Nous avons beaucoup apporté au milieu. De tous les pays nous recevons des témoignages, même de Chine, des jeunes qui disent que nos images les ont aidés à faire leur coming-out, à s’accepter, car elles donnent une image positive de l’homosexualité. Vraiment, c’est un beau cadeau pour nous.

Il y a de nombreuses références à la religion dans votre travail, comme Saint Sébastien…

La religion est quelque chose que nous avons de prime abord rejeté et qu’on a retrouvé par la suite après un voyage dans le sud de l’Inde, une région qui est catholique. Nous avons été très surpris en voyant dans les villages de petites statues de Saint Sébastien – très colorées, très naïves, très jolies. Ça nous a inspirés pour intégrer les saints dans notre travail avec notre vision personnelle. Même avec U=U, on trouve un côté Saint Sébastien.
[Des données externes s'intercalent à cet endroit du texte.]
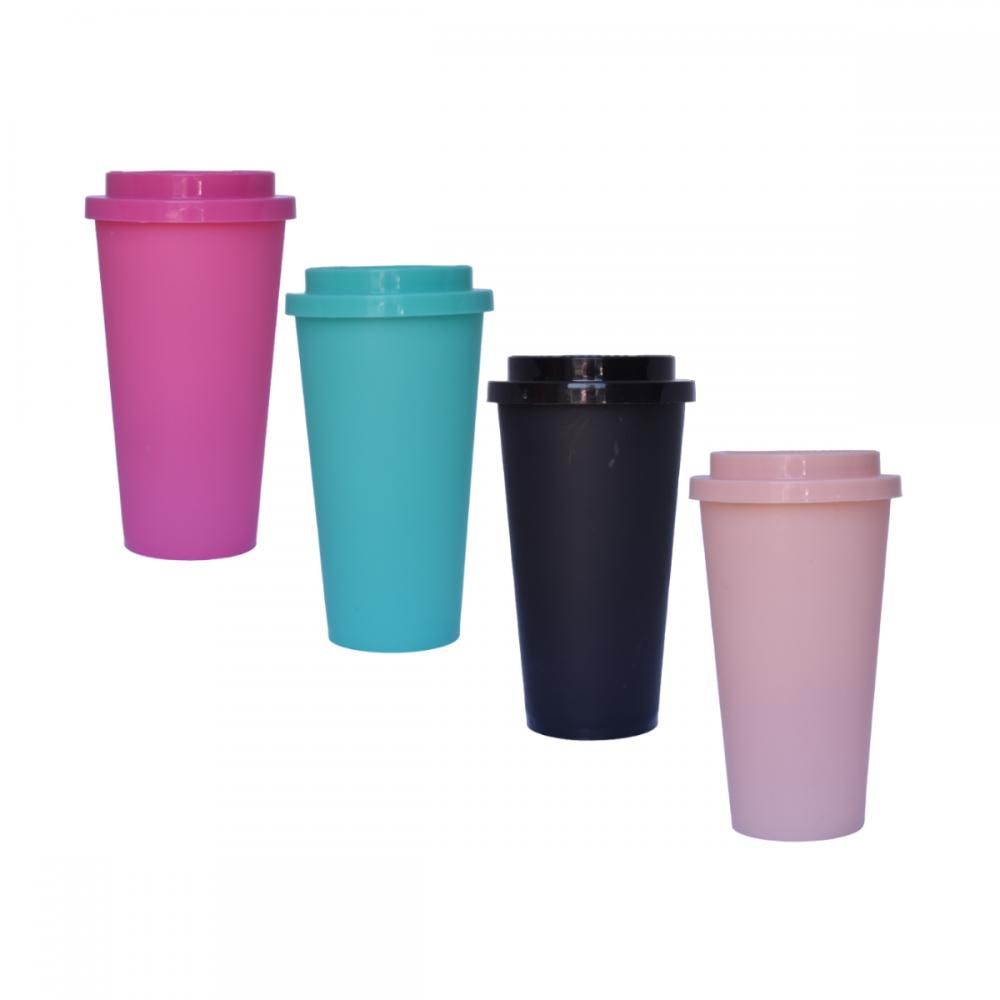 VASO COFFEE MAX LISO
Votre autoportrait, Vive La Retraite, vous montre en vacances. Vous vous êtes inspirés des manifestations contre la réforme des retraites ?
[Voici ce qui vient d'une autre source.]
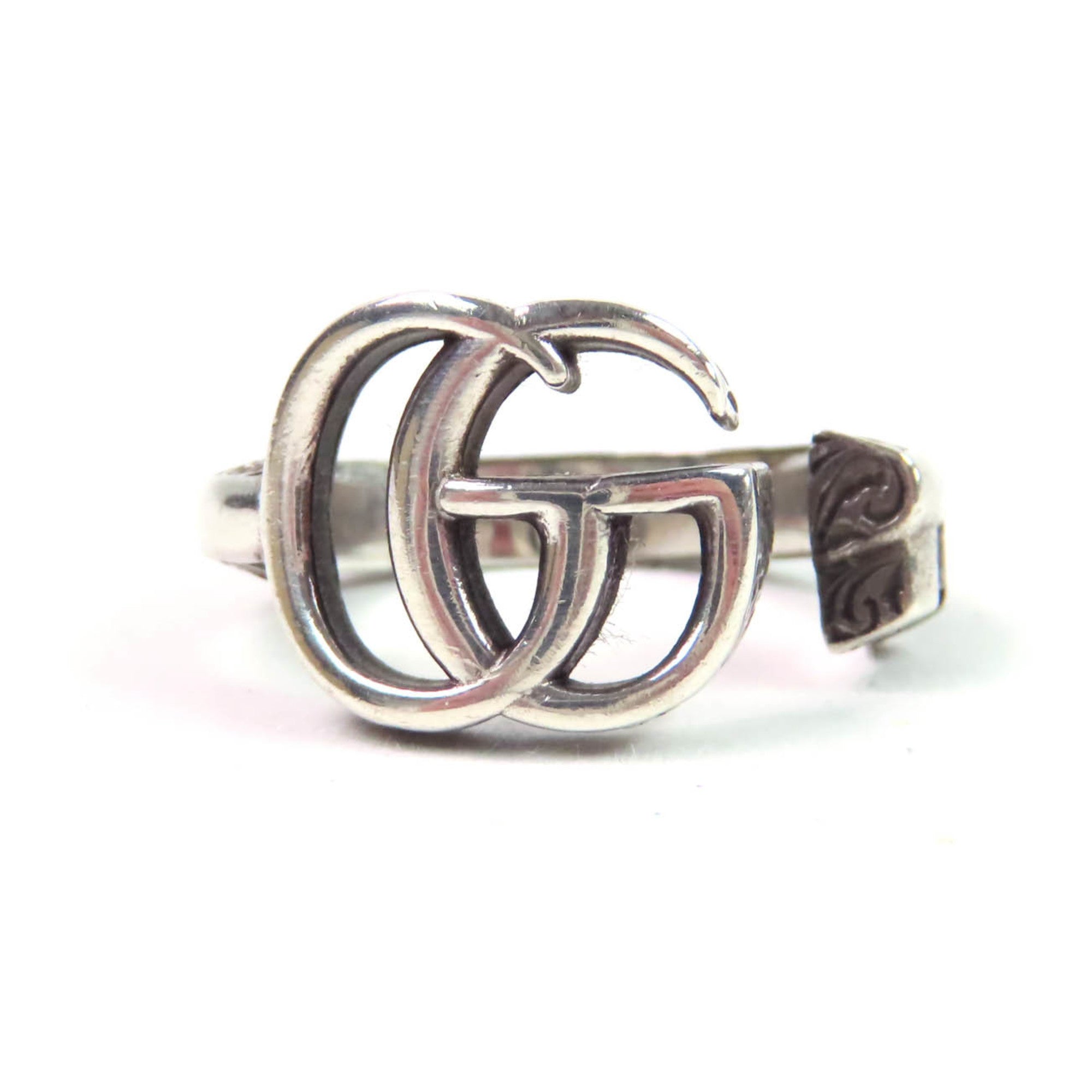 Gucci Band Ring (Pre-Owned)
On est en France ; les gens crient de tous les côtés. Ça nous a donné l’idée de traiter ce sujet de manière drôle et décalée. On aime bien faire des choses qui font sourire et on voulait se mettre en scène, de façon humoristique, comme dans les cartes postales des années 1970.

Vous avez fait un portrait d’Isabelle Huppert en Mary Stuart, reine d’Écosse, en référence à son rôle dans Mary Said What She Said, la production de Robert Wilson au Théâtre de la Ville l’année dernière. Comment est-ce arrivé ?

Elle nous a invité à voir sa pièce et après nous sommes allés la saluer dans sa loge et on a discuté. Elle avait assez envie qu’on fasse une image et nous aussi. On voulait utiliser le costume de la pièce qui était tellement beau et on a imaginé le décor à notre façon. C’était la troisième fois qu’on travaillait ensemble. C’était formidable ! C’est une perfectionniste dans le moindre détail. Elle aime se faire photographier, poser et elle veut toujours aller plus loin.

Qu’est-ce qui a changé pour vous au cours des dernières années ?

Il y avait plus de liberté auparavant. On a perdu certaines choses et on en a gagné d’autres. Désormais, il faut que tout soit très correct et rangé.

Bien avant le mariage pour tous, vous étiez engagés dans cette cause avec votre œuvre Les Mariés (1992)…

On est d’ailleurs mariés ; on l’a fait il n’y a pas très longtemps à la mairie. Ce n’était pas notre rêve quand nous étions jeunes. Nous sommes de l’époque 1968, de la liberté sexuelle, avant le SIDA.

Quelles idées souhaitez-vous explorer aujourd’hui après Nuit électrique ?

La nudité et retrouver des décors assez naturels, retourner à nos débuts, à Adam et Eve [Eva Ionesco et Kévin Luzac, 1981]. On veut travailler sur le corps car on ne le voit plus vraiment dans les foires internationales alors que ça fait partie de l’histoire de l’art. La création est un voyage. On se donne une direction mais il faut qu’on soit surpris par ce qu’on fait. La vie est constituée de surprises. Tout ne devrait pas être planifié à l’avance, c’est trop triste.